_Materials provided:_
════════════════

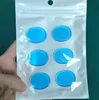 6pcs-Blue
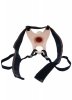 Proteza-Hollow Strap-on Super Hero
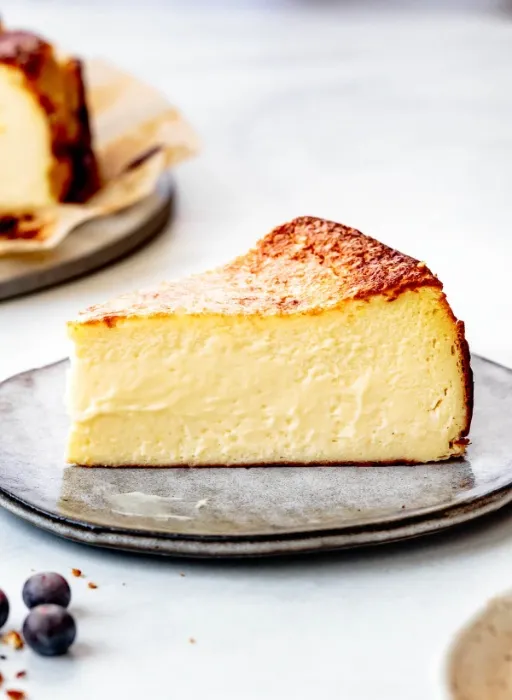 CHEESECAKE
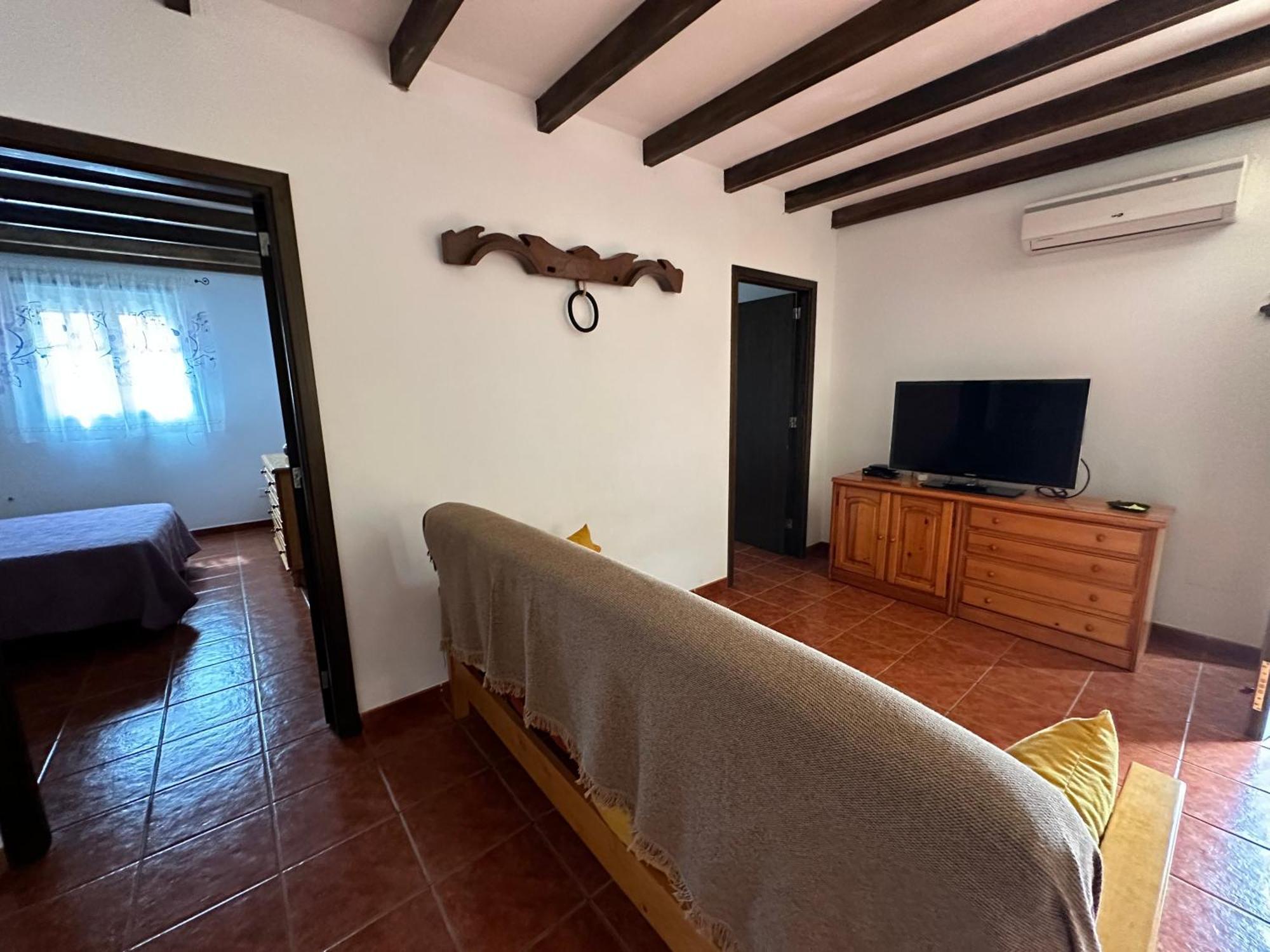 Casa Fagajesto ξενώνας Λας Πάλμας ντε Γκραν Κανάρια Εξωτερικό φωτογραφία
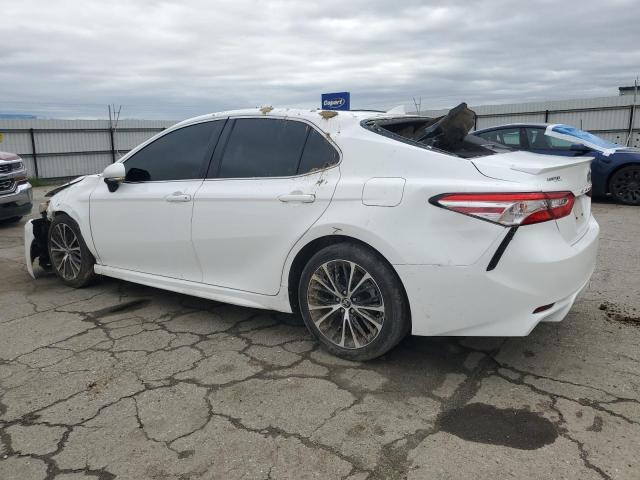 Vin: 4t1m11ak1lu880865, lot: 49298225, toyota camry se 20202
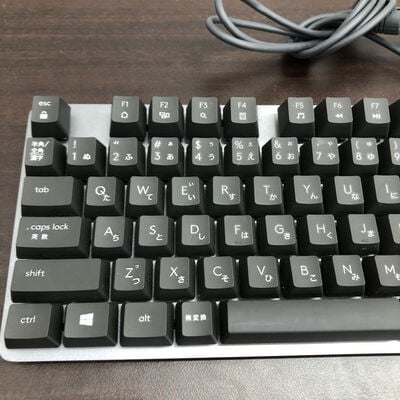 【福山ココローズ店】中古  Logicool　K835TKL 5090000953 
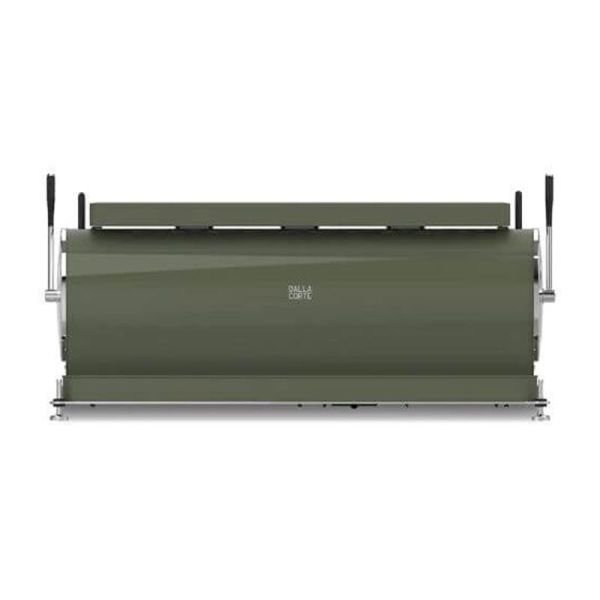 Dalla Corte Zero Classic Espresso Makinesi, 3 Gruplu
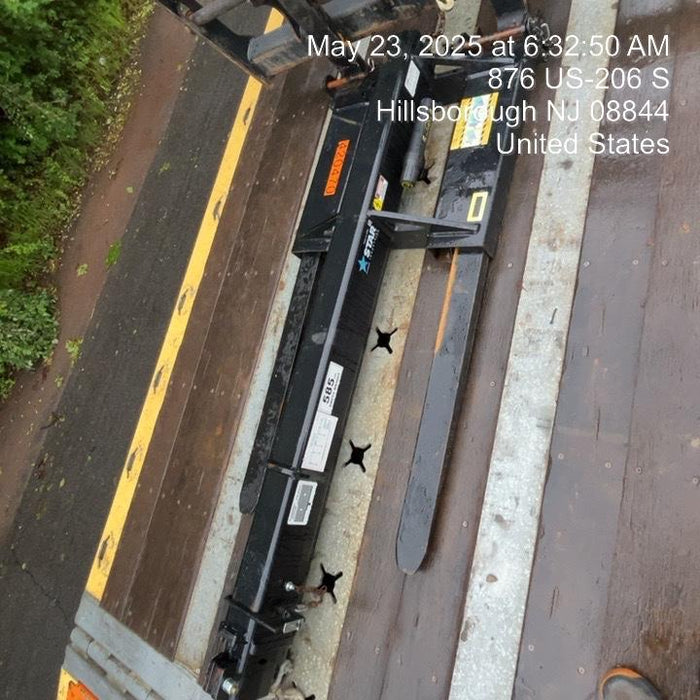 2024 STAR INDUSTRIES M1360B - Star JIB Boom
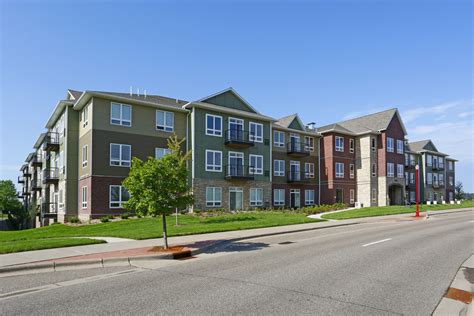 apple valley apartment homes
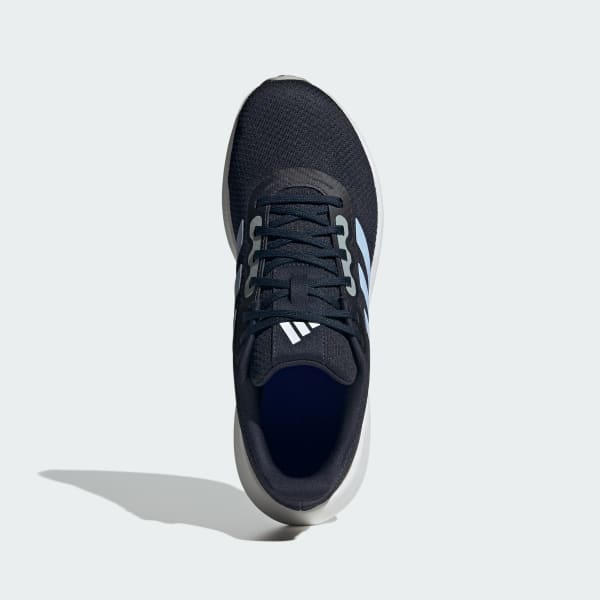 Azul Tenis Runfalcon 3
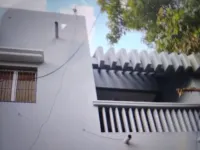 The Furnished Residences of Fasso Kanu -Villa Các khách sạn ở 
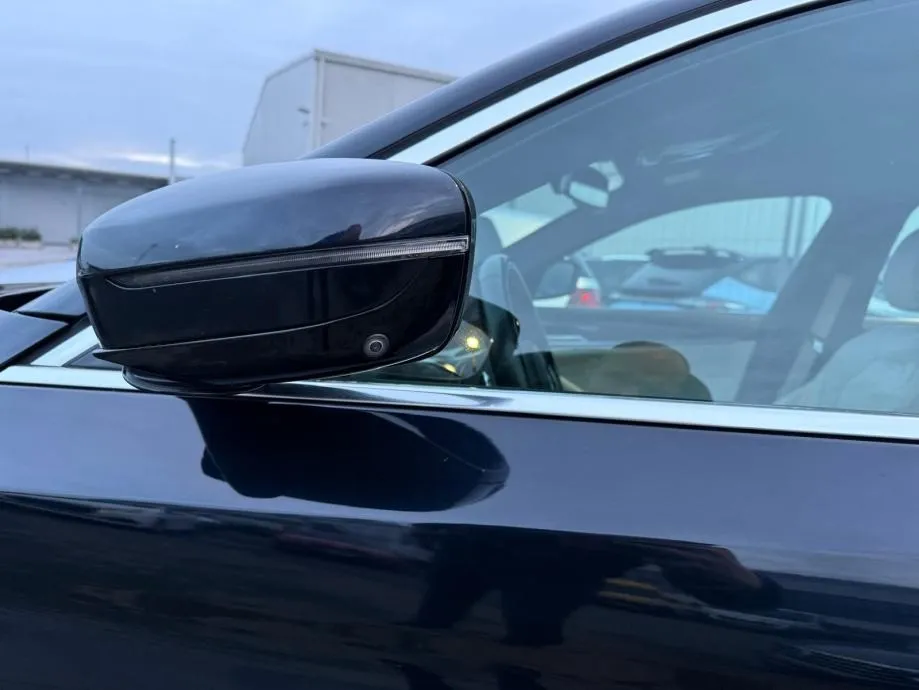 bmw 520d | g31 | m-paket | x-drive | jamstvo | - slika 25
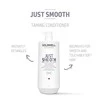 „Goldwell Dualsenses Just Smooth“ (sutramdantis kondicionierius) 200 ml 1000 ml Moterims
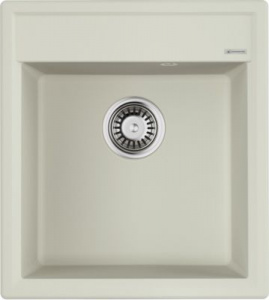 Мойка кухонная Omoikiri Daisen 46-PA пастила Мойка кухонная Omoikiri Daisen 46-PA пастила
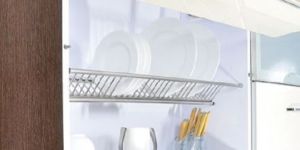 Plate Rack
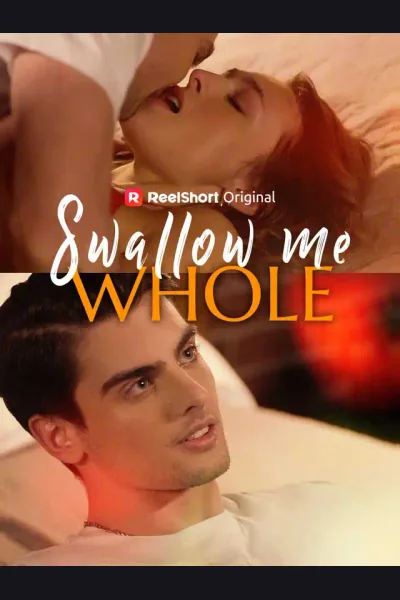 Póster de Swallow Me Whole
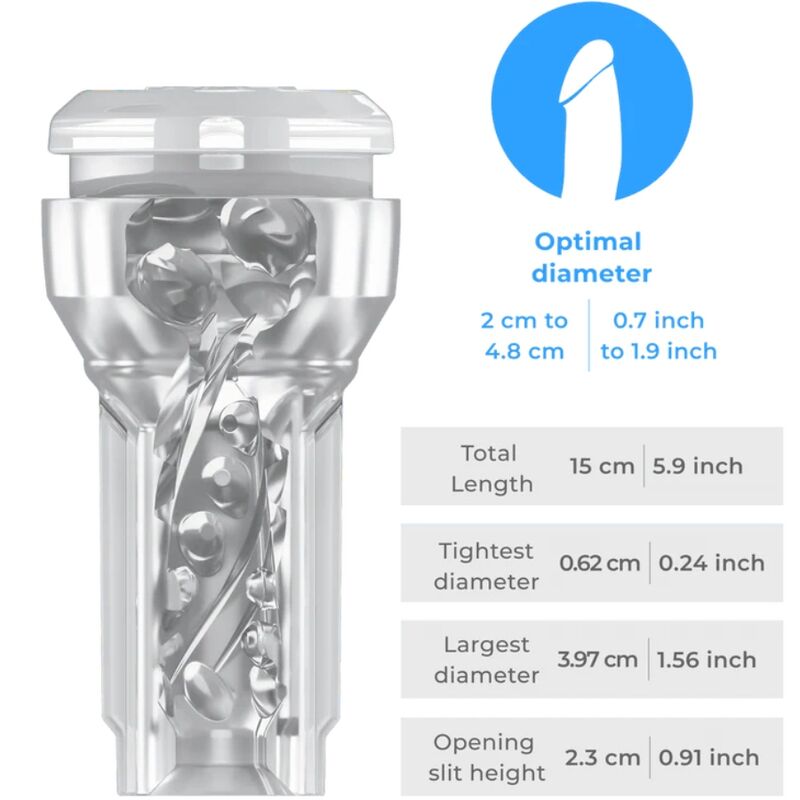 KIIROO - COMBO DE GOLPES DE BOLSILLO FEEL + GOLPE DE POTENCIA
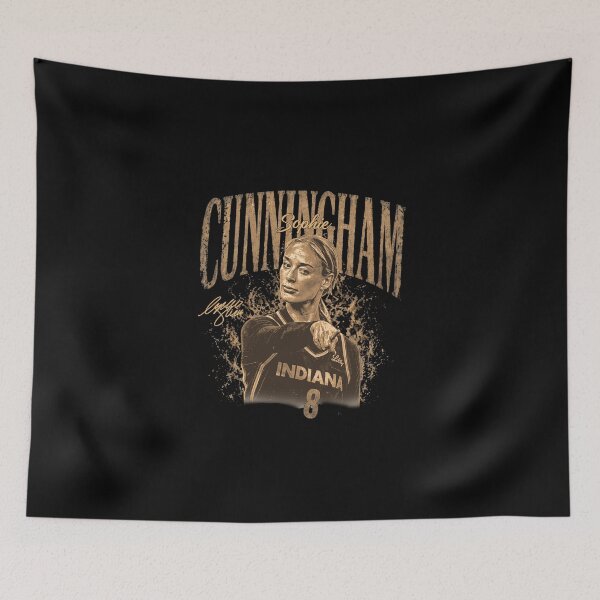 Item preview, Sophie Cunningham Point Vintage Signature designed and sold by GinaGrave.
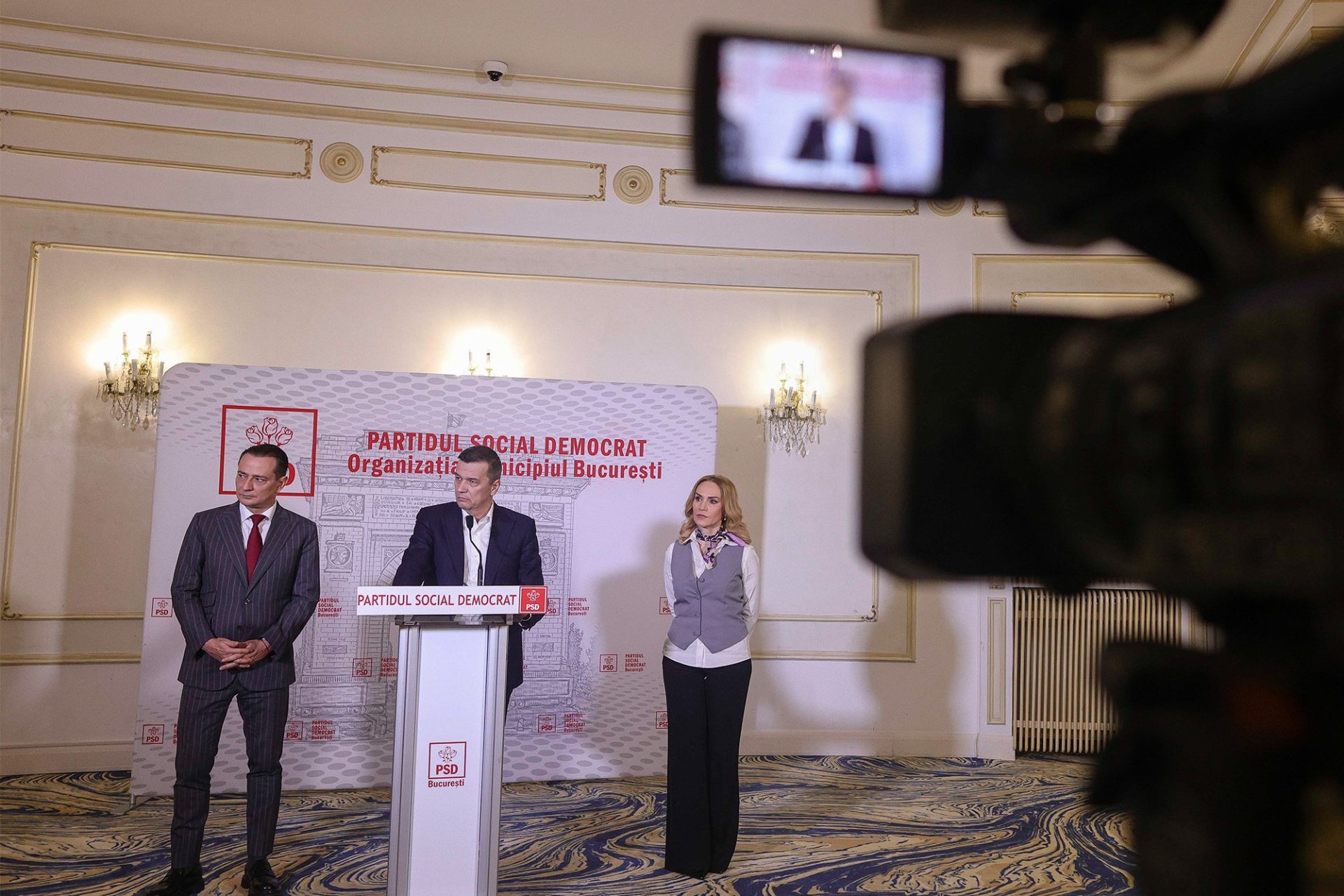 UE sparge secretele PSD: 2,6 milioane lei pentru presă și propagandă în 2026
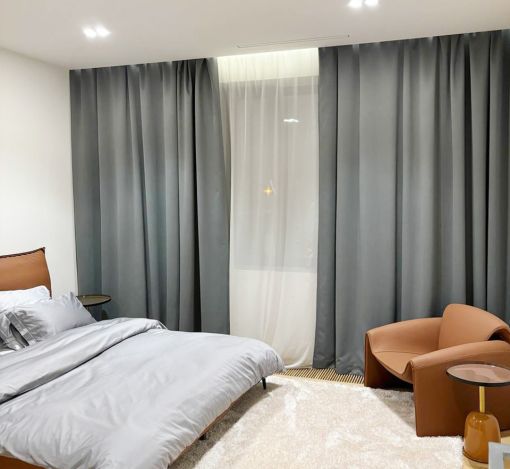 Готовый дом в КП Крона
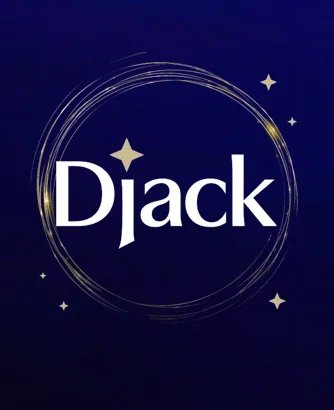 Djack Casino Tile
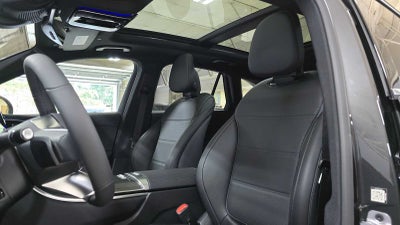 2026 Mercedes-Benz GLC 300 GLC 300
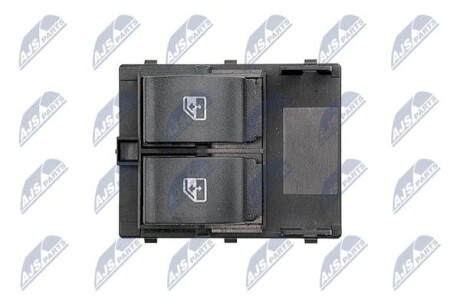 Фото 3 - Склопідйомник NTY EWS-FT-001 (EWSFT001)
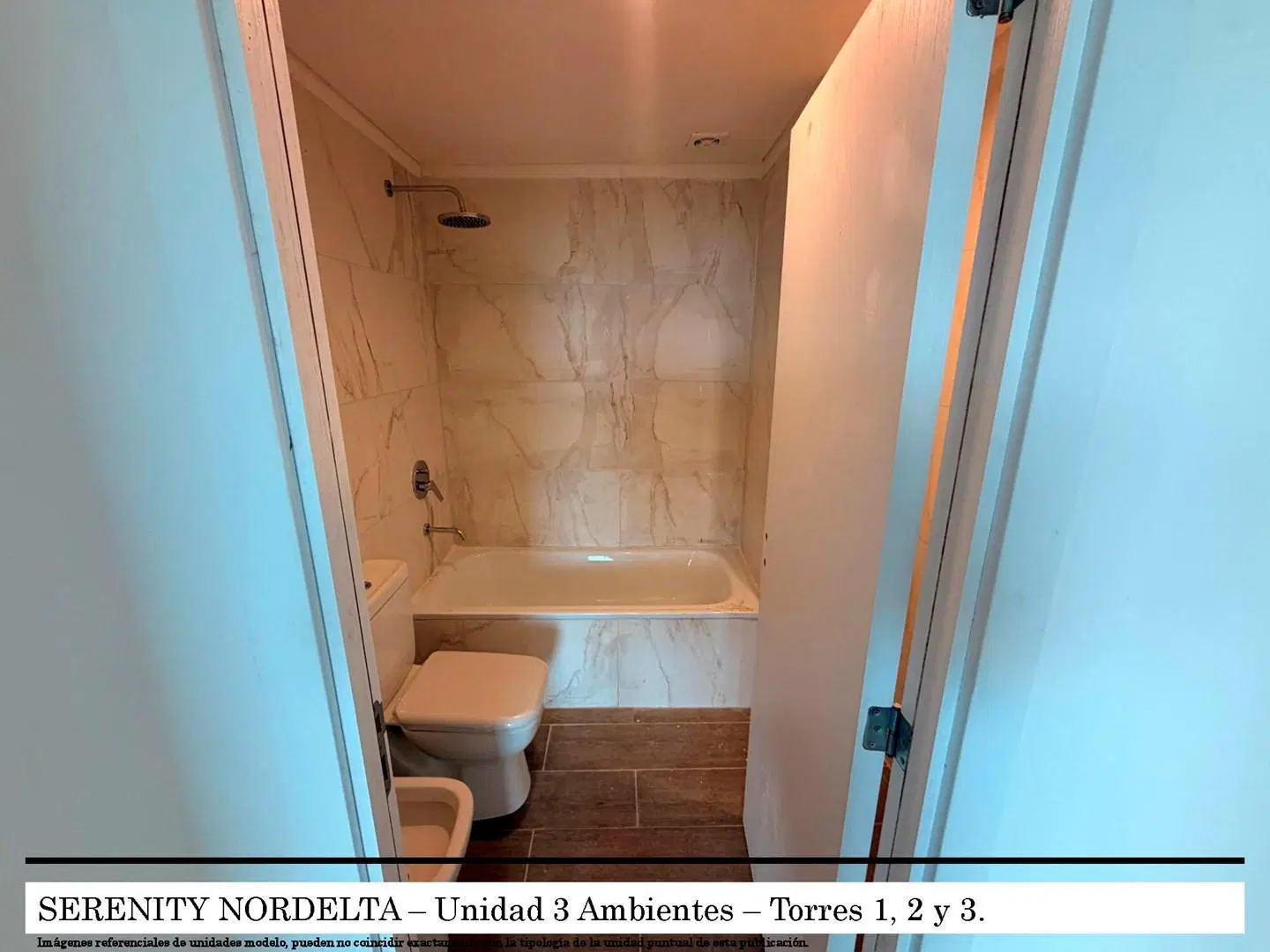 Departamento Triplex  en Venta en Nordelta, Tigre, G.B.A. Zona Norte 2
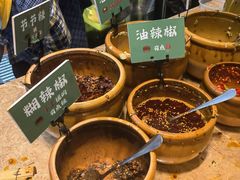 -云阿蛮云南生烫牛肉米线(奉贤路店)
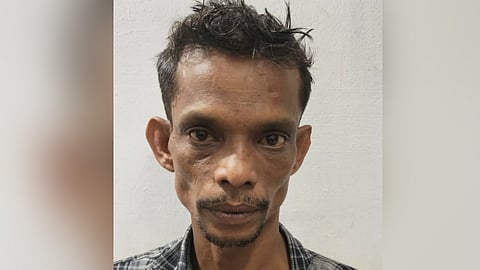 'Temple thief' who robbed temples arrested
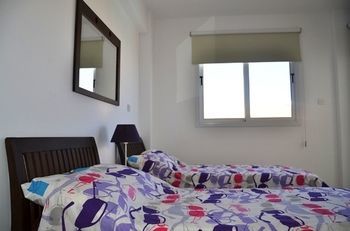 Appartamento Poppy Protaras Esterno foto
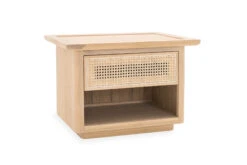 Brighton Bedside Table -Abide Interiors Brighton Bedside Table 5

════════════════

_Description of the task:_ When copying from the data above, begin at the line containing "Azul Tenis Runfalcon 3" and end at the line containing "Item preview, Sophie"; return those lines exactly and leave all pictures behind.

_Output for this exercise:_
 Azul Tenis Runfalcon 3
 The Furnished Residences of Fasso Kanu -Villa Các khách sạn ở 
 bmw 520d | g31 | m-paket | x-drive | jamstvo | - slika 25
 „Goldwell Dualsenses Just Smooth“ (sutramdantis kondicionierius) 200 ml 1000 ml Moterims
 Мойка кухонная Omoikiri Daisen 46-PA пастила Мойка кухонная Omoikiri Daisen 46-PA пастила
 Plate Rack
 Póster de Swallow Me Whole
 KIIROO - COMBO DE GOLPES DE BOLSILLO FEEL + GOLPE DE POTENCIA
 Item preview, Sophie Cunningham Point Vintage Signature designed and sold by GinaGrave.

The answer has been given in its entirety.